Well, word of VanGorder’s overhaul made its way to Johnson, the head coach at Navy at the time.
”VanGorder had made some comments that he didn’t think too highly of the offense,” longtime Georgia Southern administrator Robert Inman said via USA Today. “And Paul called me up and said, ‘I need to talk to (athletics director) Sam (Baker) and get Georgia Southern on the schedule,’” Inman said. “I said, ‘Why do you want to play us?’ And he said, ‘Because I want to beat the hell out of Brian VanGorder.’ “
That was 12 years ago. Fast forward back to this October, Johnson kept the foot on the gas as Georgia Tech beat Lousivlle 66-31, and VanGorder was fired at the end of the season.
All of which is to say, the D.C. press will enjoy covering a Paul Johnson-led XFL team.
Sign Keenan Reynolds to play quarterback
If we’ve gotten this far, Johnson will need a pivot to execute his offense, and one of the all-time greats is theoretically available in Keenan Reynolds. The former Navy quarterback and NCAA rushing touchdown record holder is currently bouncing off and on NFL practice squads as a wide receiver (at the time of publication, he is on the Seattle Seahawks’ practice squad). From the aforementioned Mike James:
There is no position in football that has more impact on his team and on a game than that of a triple option quarterback. None. Every play revolves around him. Playing quarterback is difficult in any offense, obviously, but the option quarterback doesn’t have a chance to hand the ball to a tailback 20-30 times per game. He’s not getting easy yards by throwing a bunch of screen passes. When you run the option, even the running plays depend on your decisions, and nobody makes those decisions better than Reynolds.

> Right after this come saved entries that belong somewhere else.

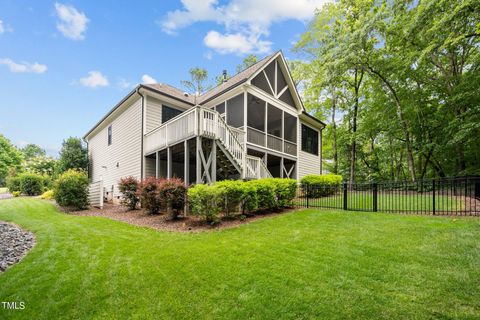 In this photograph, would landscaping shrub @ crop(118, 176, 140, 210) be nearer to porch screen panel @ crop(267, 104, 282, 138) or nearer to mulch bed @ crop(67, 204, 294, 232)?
mulch bed @ crop(67, 204, 294, 232)

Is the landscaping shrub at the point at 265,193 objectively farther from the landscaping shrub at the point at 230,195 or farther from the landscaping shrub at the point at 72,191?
the landscaping shrub at the point at 72,191

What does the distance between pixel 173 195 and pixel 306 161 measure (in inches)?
463

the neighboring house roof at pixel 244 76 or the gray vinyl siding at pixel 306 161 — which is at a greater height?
the neighboring house roof at pixel 244 76

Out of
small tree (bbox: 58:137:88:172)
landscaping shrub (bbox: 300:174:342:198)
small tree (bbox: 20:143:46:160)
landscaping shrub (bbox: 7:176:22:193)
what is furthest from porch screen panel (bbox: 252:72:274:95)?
small tree (bbox: 20:143:46:160)

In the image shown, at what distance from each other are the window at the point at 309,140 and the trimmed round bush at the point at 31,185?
74.2 ft

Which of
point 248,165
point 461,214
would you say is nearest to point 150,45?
point 248,165

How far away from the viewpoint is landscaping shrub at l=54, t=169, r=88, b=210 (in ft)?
36.5

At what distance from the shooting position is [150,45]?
16.3m

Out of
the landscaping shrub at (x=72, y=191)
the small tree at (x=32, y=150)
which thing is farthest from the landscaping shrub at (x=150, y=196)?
the small tree at (x=32, y=150)

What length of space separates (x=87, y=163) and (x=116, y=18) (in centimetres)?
1413

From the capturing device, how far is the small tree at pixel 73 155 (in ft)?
66.9

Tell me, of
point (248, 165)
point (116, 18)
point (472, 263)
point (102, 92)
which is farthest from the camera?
point (102, 92)

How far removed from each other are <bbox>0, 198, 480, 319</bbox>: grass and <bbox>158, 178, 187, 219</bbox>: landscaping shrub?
1.86 meters

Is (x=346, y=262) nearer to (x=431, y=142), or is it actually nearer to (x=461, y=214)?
(x=461, y=214) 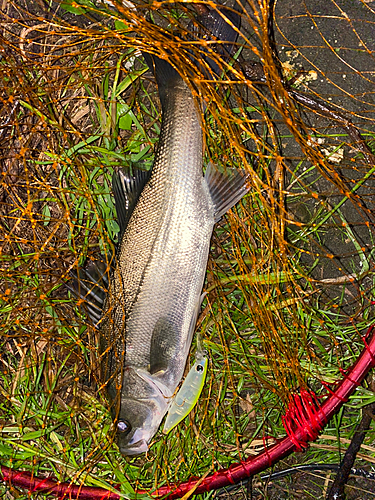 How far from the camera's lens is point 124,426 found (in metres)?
2.61

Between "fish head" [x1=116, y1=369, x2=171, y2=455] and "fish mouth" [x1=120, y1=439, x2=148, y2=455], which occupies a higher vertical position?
"fish head" [x1=116, y1=369, x2=171, y2=455]

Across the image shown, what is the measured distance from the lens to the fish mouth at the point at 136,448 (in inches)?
104

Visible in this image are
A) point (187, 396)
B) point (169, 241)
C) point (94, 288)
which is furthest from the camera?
point (94, 288)

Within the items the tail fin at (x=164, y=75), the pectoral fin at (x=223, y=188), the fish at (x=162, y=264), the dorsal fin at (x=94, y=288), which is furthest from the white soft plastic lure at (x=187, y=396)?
the tail fin at (x=164, y=75)

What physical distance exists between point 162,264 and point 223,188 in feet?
1.84

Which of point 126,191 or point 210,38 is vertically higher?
point 210,38

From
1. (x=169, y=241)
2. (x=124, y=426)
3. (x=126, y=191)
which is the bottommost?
(x=124, y=426)

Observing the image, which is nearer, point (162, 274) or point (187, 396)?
point (162, 274)

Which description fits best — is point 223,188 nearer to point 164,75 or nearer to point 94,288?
point 164,75

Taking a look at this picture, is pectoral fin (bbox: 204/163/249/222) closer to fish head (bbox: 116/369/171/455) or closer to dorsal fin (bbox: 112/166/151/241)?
dorsal fin (bbox: 112/166/151/241)

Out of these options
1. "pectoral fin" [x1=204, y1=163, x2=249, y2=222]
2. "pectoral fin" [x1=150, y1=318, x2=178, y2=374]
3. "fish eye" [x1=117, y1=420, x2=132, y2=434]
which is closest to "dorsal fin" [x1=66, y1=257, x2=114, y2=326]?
"pectoral fin" [x1=150, y1=318, x2=178, y2=374]

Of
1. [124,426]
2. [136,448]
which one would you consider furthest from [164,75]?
[136,448]

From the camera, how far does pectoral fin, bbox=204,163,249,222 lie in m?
2.64

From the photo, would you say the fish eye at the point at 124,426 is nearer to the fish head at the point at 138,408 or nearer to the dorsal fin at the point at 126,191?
the fish head at the point at 138,408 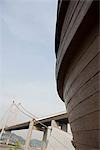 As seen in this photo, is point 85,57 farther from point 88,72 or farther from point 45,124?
point 45,124

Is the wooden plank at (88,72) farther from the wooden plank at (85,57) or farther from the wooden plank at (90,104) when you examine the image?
the wooden plank at (90,104)

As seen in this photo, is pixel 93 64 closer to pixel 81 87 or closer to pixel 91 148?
pixel 81 87

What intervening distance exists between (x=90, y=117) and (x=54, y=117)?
2319 centimetres

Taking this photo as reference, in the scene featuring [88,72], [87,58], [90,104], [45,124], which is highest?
[45,124]

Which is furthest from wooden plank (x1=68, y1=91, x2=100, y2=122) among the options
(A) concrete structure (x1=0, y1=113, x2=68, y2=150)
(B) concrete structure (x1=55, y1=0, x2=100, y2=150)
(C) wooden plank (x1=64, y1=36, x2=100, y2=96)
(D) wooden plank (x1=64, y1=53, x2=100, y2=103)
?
(A) concrete structure (x1=0, y1=113, x2=68, y2=150)

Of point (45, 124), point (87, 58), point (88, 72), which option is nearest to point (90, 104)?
point (88, 72)

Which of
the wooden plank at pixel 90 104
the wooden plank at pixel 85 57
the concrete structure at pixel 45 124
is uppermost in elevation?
the concrete structure at pixel 45 124

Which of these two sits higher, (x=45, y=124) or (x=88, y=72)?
(x=45, y=124)

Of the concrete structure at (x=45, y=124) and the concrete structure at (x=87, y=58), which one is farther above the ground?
the concrete structure at (x=45, y=124)

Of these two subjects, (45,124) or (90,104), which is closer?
(90,104)

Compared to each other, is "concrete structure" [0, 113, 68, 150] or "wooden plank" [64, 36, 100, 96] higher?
"concrete structure" [0, 113, 68, 150]

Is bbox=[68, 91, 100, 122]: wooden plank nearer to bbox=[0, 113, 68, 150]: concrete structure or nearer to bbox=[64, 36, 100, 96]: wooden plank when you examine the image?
bbox=[64, 36, 100, 96]: wooden plank

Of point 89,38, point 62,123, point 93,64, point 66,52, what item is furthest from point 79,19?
point 62,123

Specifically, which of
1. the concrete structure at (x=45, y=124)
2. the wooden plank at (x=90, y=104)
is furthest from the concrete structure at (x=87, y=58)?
the concrete structure at (x=45, y=124)
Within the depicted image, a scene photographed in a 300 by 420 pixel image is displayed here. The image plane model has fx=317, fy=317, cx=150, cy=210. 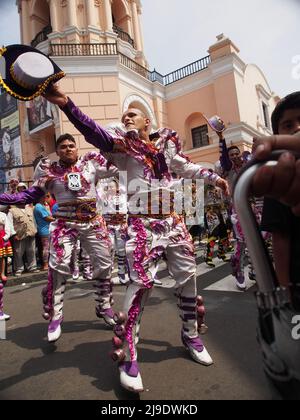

There’s no guarantee he would be willing to trade that for a top-tier XFL contract and the opportunity to return to his natural position, but if he was, XFL D.C. would be running the triple option with one of the best, if not the best, option quarterbacks on the planet, while other teams would be running standard offenses with, at best, the 150th-best quarterback for that system.
In addition, XFL D.C. gets a star with local cache, thanks to his record-setting career at Annapolis, and the XFL gets a picture-perfect poster boy to market as it seeks to set themselves apart from the ugliness of domestic violence that haunts the NFL.
Are any of these wishes likely to come to fruition? The color scheme would really be prudent, but even there, it is important to remember that these decisions will not take place in a vacuum, It is the clash of colors that makes football its most visually appealing, and there are seven other teams to think of. Even if the league is sold on using the venue as a starting point, that still leaves Houston and Tampa Bay vying for red as a primary color. (Although we can hold out hope on the latter doing a full Houston Oilers revival.)
So no, none of this likely. But we live in a world where the XFL is coming back, nearly two decades after one of the most spectacular sports failures in history. Anything is possible, so I invite us all to dream big this Christmas season.